Food produced vs. food delivered

A relatively small proportion of the food produced in the high-yielding regions of the world is actually delivered to the food system. Not just because of waste, which accounts for anything between 30 and 50% from post-harvest and manufacturing through to trade and consumption. Here, ‘delivering’ means how much food enters the food system in the form of edible items (even before it is wasted). A global study by Cassidy et al. (2013) calculated this proportion using energy units.

They expressed the productivity of all the crops in calories per ha per year (to be able to compare apples and pears) and mapped them per region. They assumed that an average person requires 2700 Kcal per year.
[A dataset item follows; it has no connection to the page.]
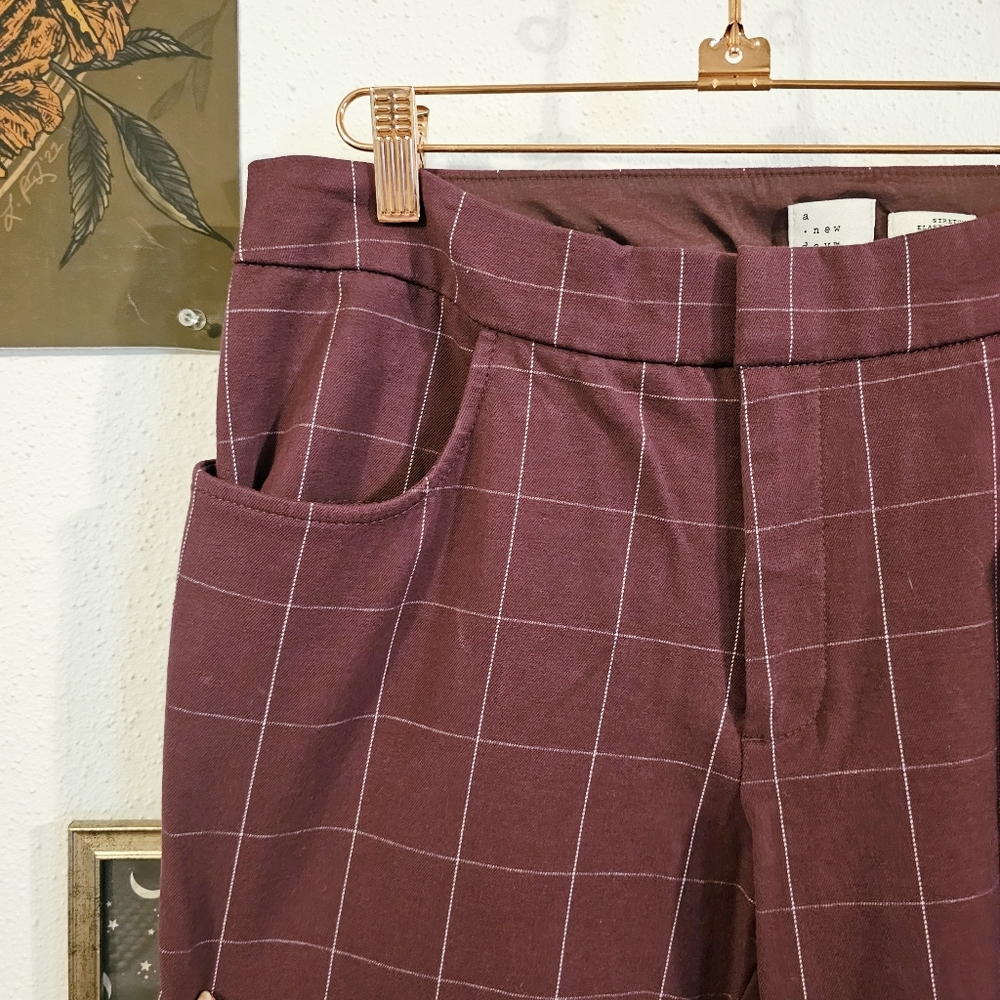 Burgundy cigarette pants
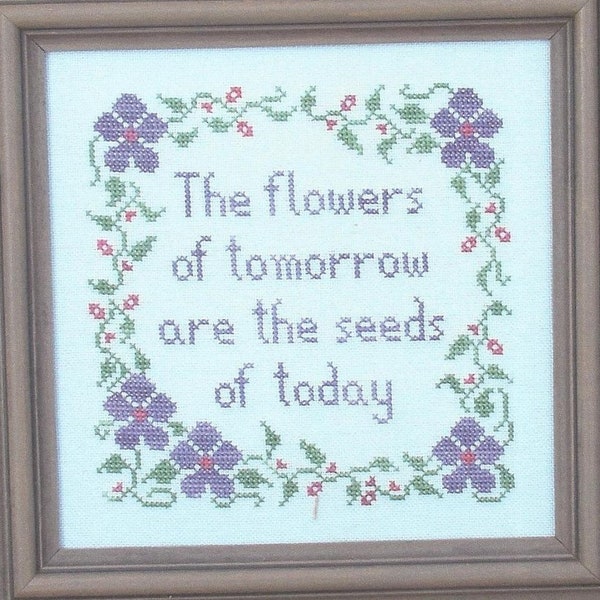Inspirational Cross Stitch Pattern FLOWERS OF TOMORROW - Simple Cross Stitch - Floral Cross Stitch Design - My Big Toe Designs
With these two pieces of information they calculated the number of people that could the fed per ha of agricultural land on the basis of its current productivity. Note that 2700 Kcal is greater than the actual human needs, which fluctuate according to physical constitution between 1800 and 2100 Kcal per person per year. By considering 2700 Kcal they are already assuming a certain level of inherent value chain inefficiency, which gives more conservative estimates.

Potential vs. actual delivery

The map they developed shows that the most productive areas of the world can potentially feed 8 to 10 people per ha on the basis of current productivity, while the least productive regions can feed barely 3 to 4. But then they produced another map, that estimates how many people are effectively fed per ha of land. They developed this new map by computing the fraction of the total energy contained in a crop that is delivered to the food system in the form of edible energy.

For example, in the case of maize (or corn), only ca. 25% of the energy contained in the crop is delivered as edible energy, be it in the form of maize grain, meal or flour, or transformed into meat, milk, fructose, bier or candies, etc. This is because maize is used as raw material by different non-food industries, such as paint additives, plastics or biofuels. But also, because a large proportion of the harvest is used to feed livestock, which is inherently inefficient, as we all know.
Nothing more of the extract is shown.